### Work order
Take the line that contains "Funny baby child" as the start and the last line of the entries as the end, and print both and everything between them exactly, without the pictures.

-------- Provided records

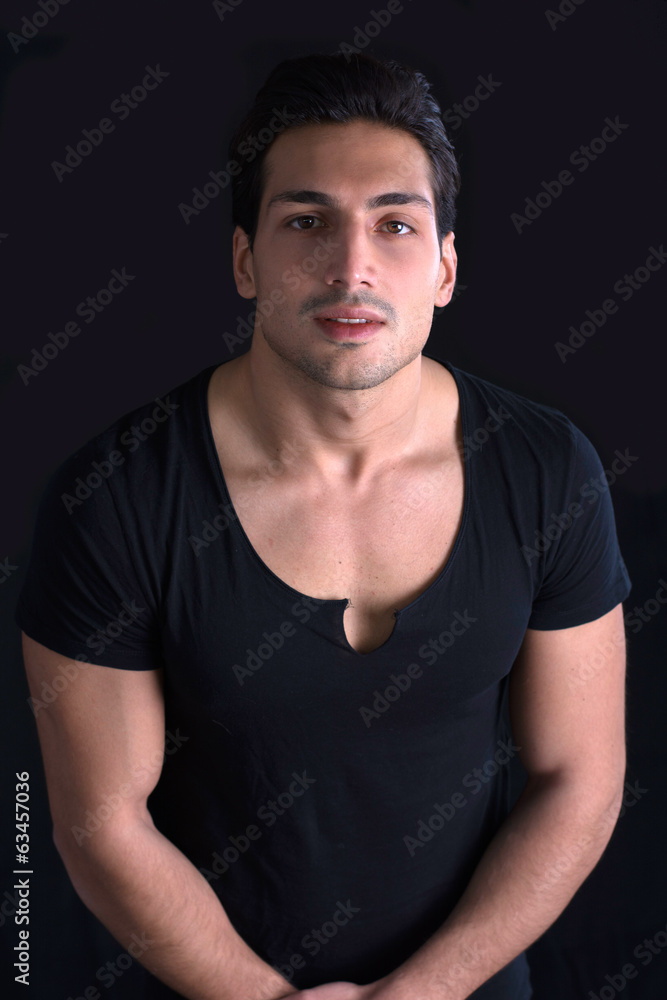 Brown eyed, black haired latin man on dark background Brown eyed, black haired latin man on dark background
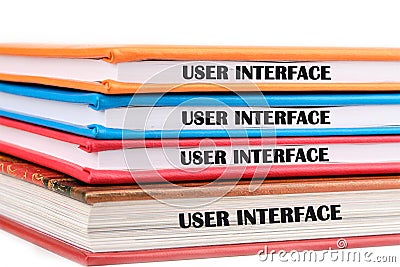 The concept of technology and development. Phrase, word, text USER INTERFACE on the ends of the notebooks assembled in a Stock Photo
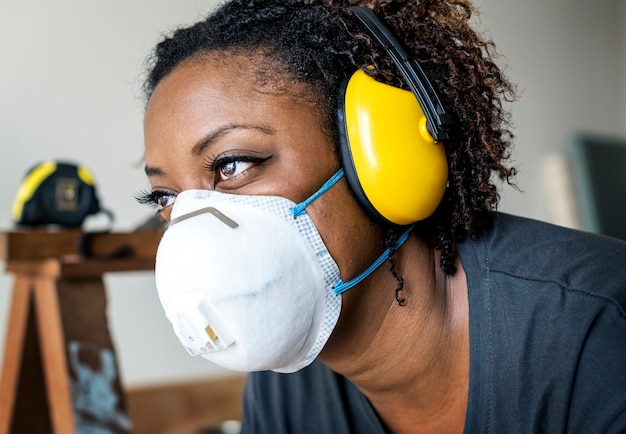 Black woman wearing ear protection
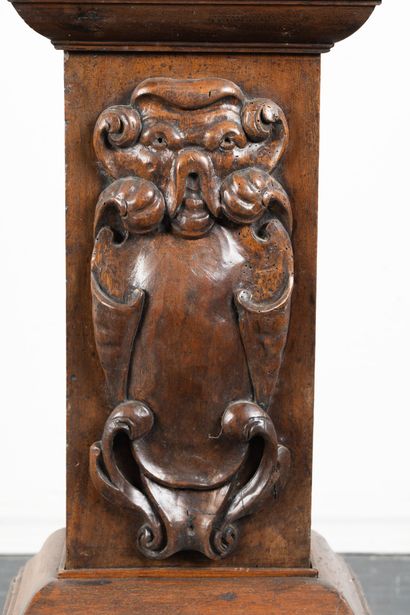 Pair of walnut half-columns with carved capitals...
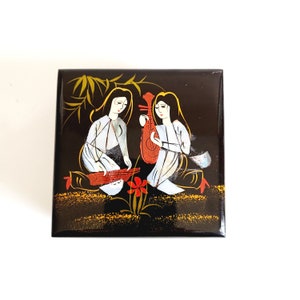 May include: A black wooden box featuring a painted scene of two women playing traditional Vietnamese instruments. The women are dressed in white and are surrounded by gold and red flowers.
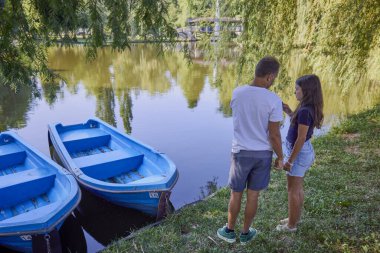 Baba ve kızı bir yaz sabahı göl kenarında parkta birlikte vakit geçiriyorlar doğanın tadını çıkarıyorlar..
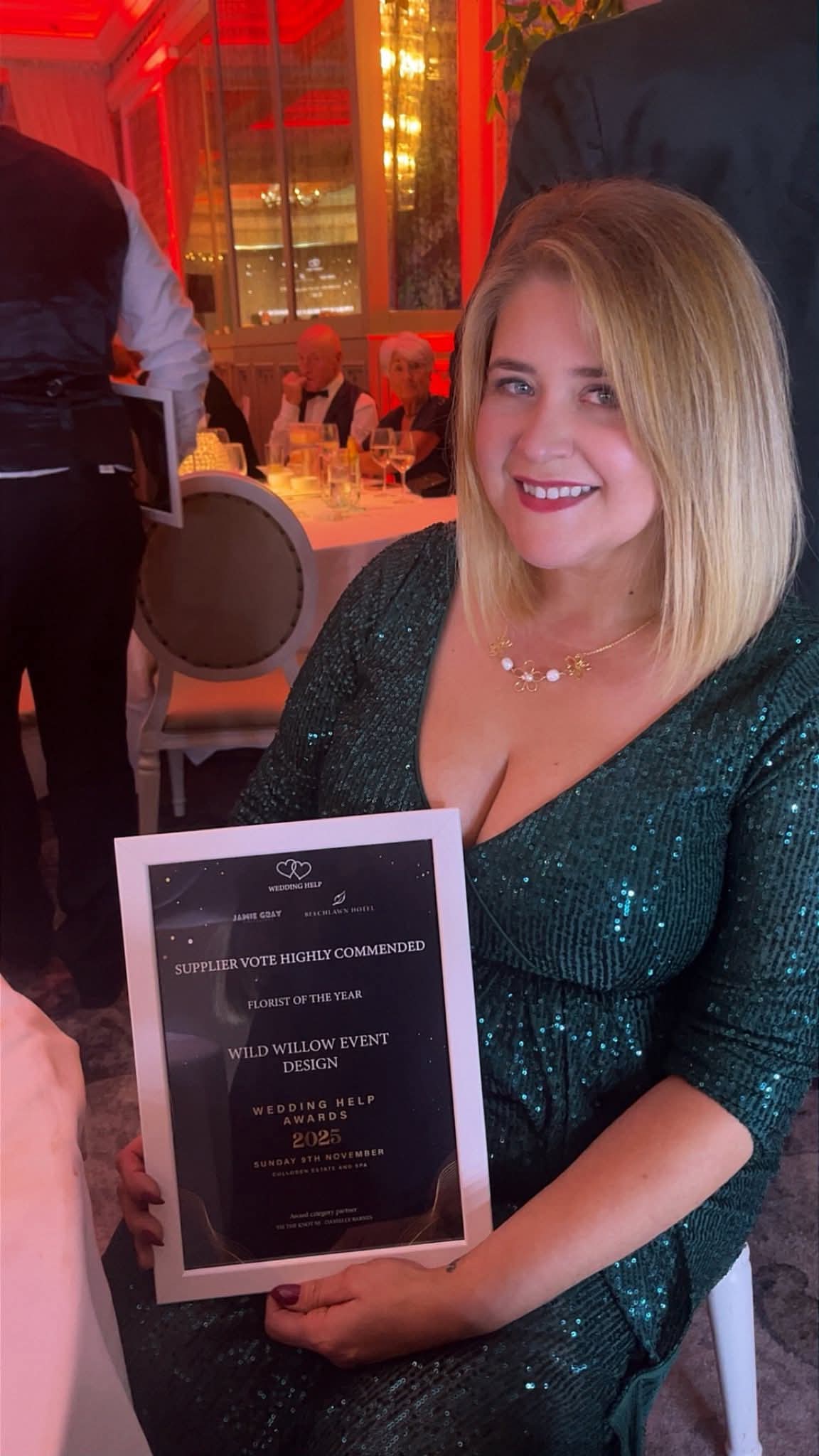 Woman holding an award at an event, seated at a table in a formal setting with red lighting.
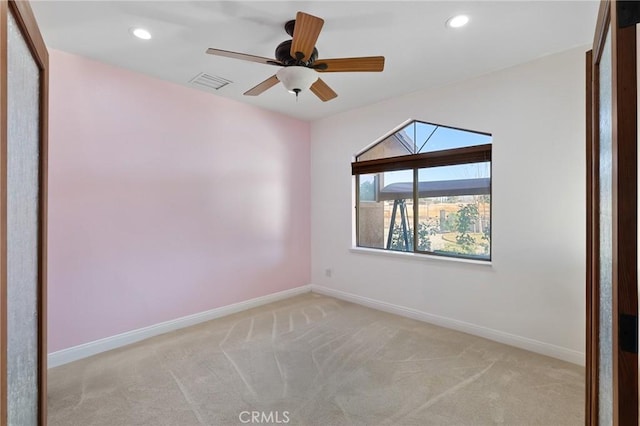 carpeted spare room with ceiling fan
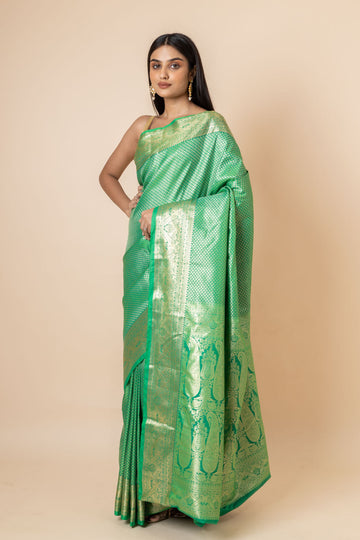 Bottle Green Kanjivaram Silk Saree With Unstitched Blouse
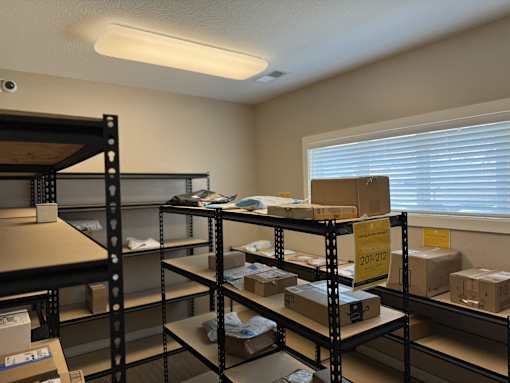 A storage room with shelves filled with boxes and a sign that reads "20-212".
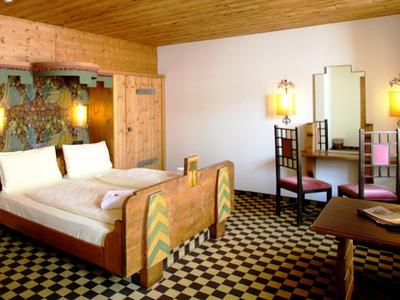 Gemütliches Zimmer mit Holzmöbeln, Doppelbett, Schreibtisch und geschwungenem Teppichboden.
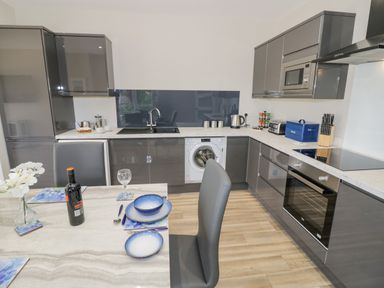 A modern kitchen with grey cabinets a washing machine oven microwave dining table with plates wine bottle and chairs at Southend in Welland
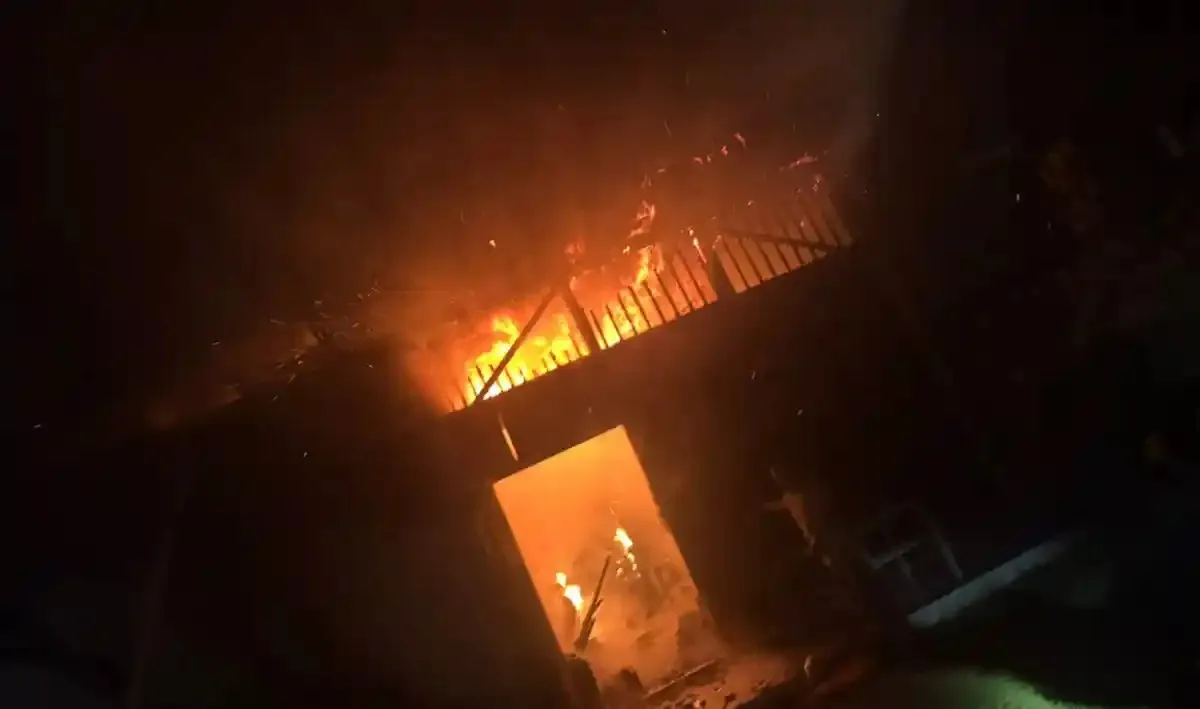 Flăcări și fum se ridică în spatele unui acoperiș înclinat, iar o deschidere dreptunghiulară este luminată de foc.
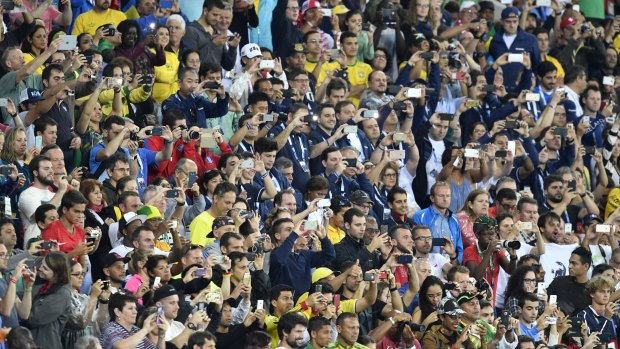 Spectators watch the medal ceremony for the men's 100m awarding Jamaica's Usain Bolt the gold medal, United States' Justin Gatlin silver and Canada's Andre De Grasse  bronze in Rio on Monday.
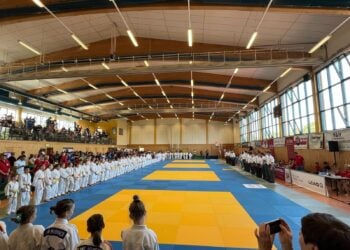 Junge Judoka in weißen Anzügen stehen zur Eröffnung um die Wettkampfmatte in einer Sporthalle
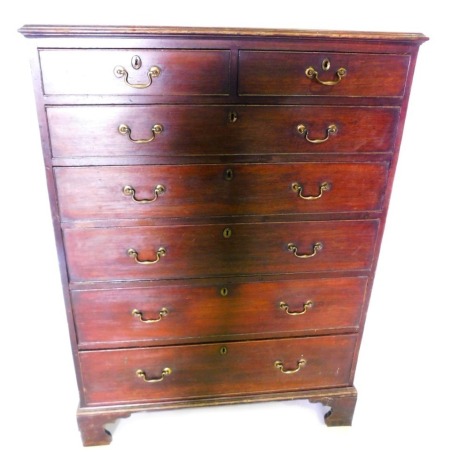 A George III mahogany tall chest of drawers, the rectangular top with a moulded edge, above two short and five long drawers each with brass drop handles, on bracket feet, 150cm high, 110cm wide, 50cm deep.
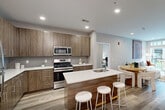 Located at 110 Goldsborough Dr in Bayonne, NJ, this well-appointed three-bedroom, two-bathroom residence offers a thoughtfully designed single-floor layout with modern finishes throughout. Light wood-look flooring flows seamlessly across the hallways and main living areas, creating a warm and cohesive aesthetic.

The open-concept kitchen is a standout feature, equipped with stainless steel appliances including a gas range, microwave, and full-size refrigerator. Woodgrain flat-front cabinetry reaches toward the ceiling for generous storage, while a central island with a white countertop and built-in sink provides additional prep space and casual seating.

The adjoining living room is bright and inviting, with recessed lighting and neutral walls that lend a clean, contemporary feel. A well-proportioned hallway connects the three bedrooms, each offering comfortable dimensions. The spacious primary bedroom receives natural light from a large window with exterior views. The additional bedrooms share similarly soft, neutral tones and ample room.

The two bathrooms are finished with care — one features a glass-enclosed walk-in shower with tiled surround and a wood-toned vanity, while the second includes a full soaking tub with a tiled shower surround. Both bathrooms continue the wood-look flooring found throughout the residence, tying the design together cohesively.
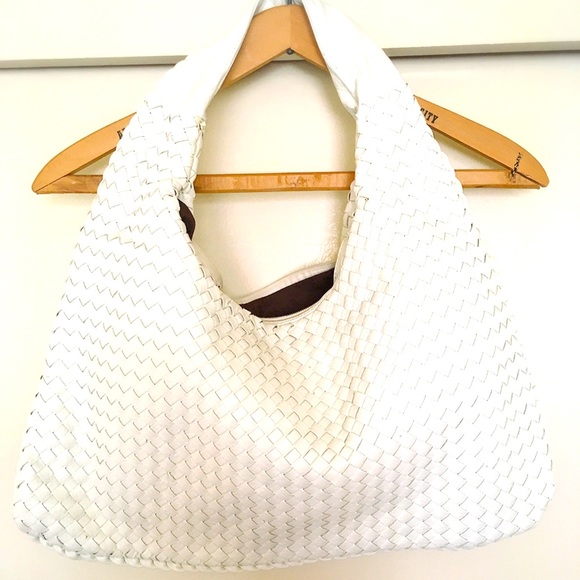 from Anthropologie Handbags - Anthropologie White Woven Vegan Leather Hobo Bag. Please see description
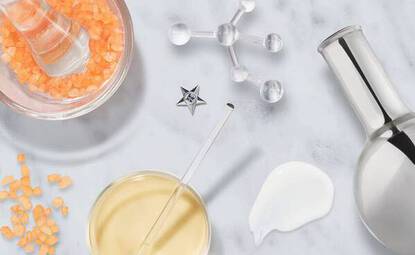 Texto alternativo: Variedad de productos de cuidado de la piel sobre una superficie blanca, incluyendo frascos y gotas de suero.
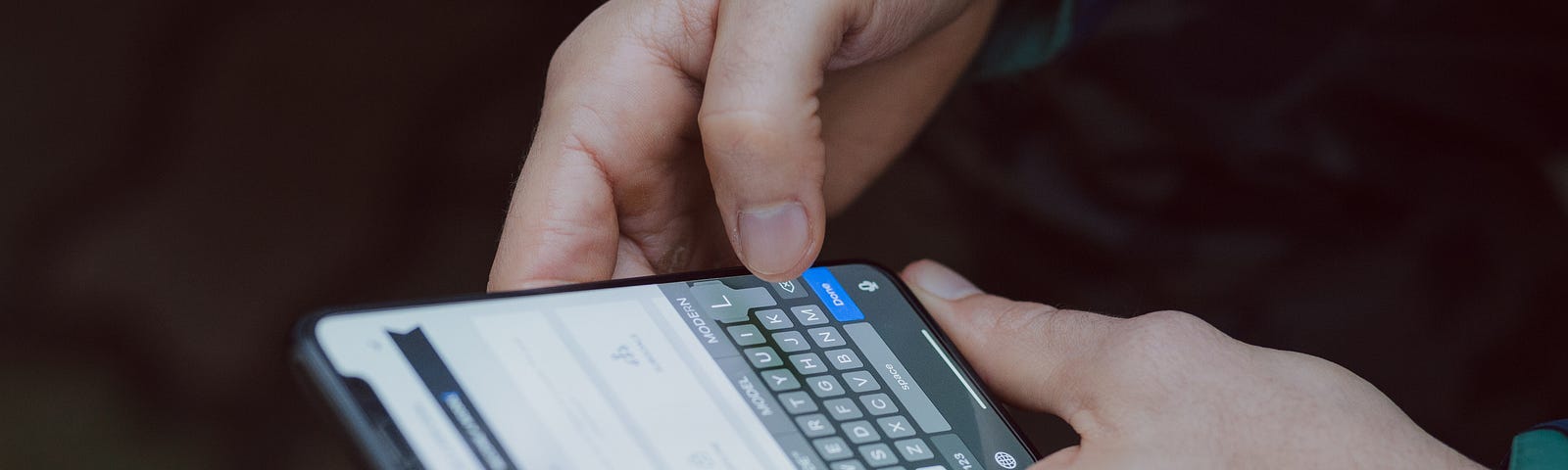 selective focus photography of a person using iPhone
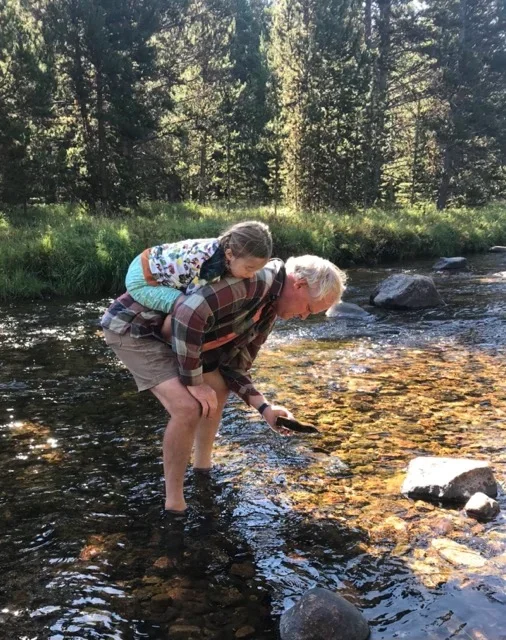 Eric's granddaughter on his back while looking for aquatic macroinvertebrates.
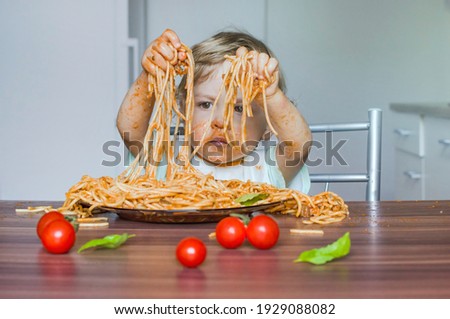 Funny baby child getting messy eating spaghetti with tomato sauce from a large plate, by itself with his hands, at home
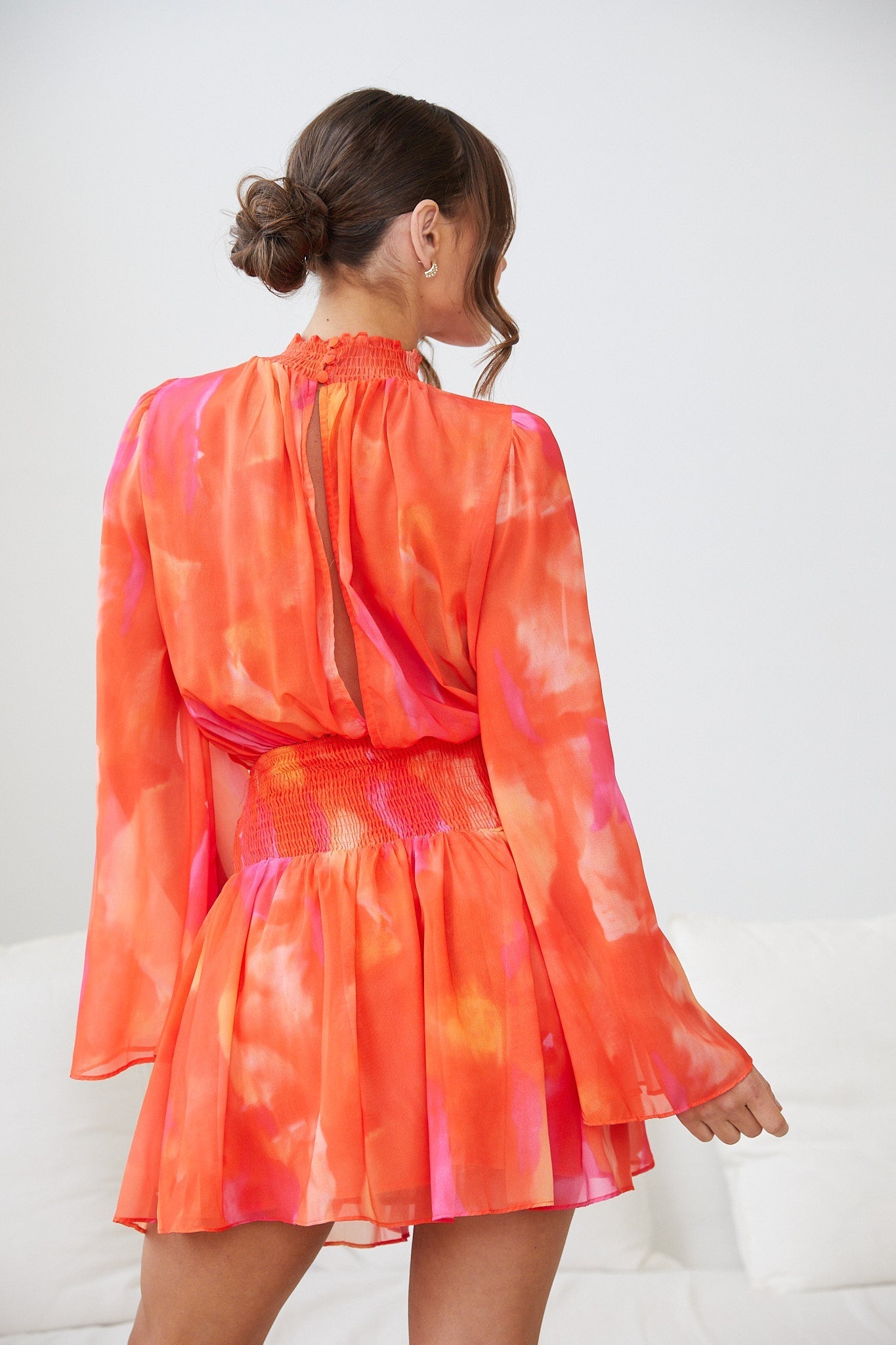 Front view of the Daenerys Mini Dress in Orange Print showing the smocked bodice and high neck detail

----------------

### Written answer
 Funny baby child getting messy eating spaghetti with tomato sauce from a large plate, by itself with his hands, at home
 Front view of the Daenerys Mini Dress in Orange Print showing the smocked bodice and high neck detail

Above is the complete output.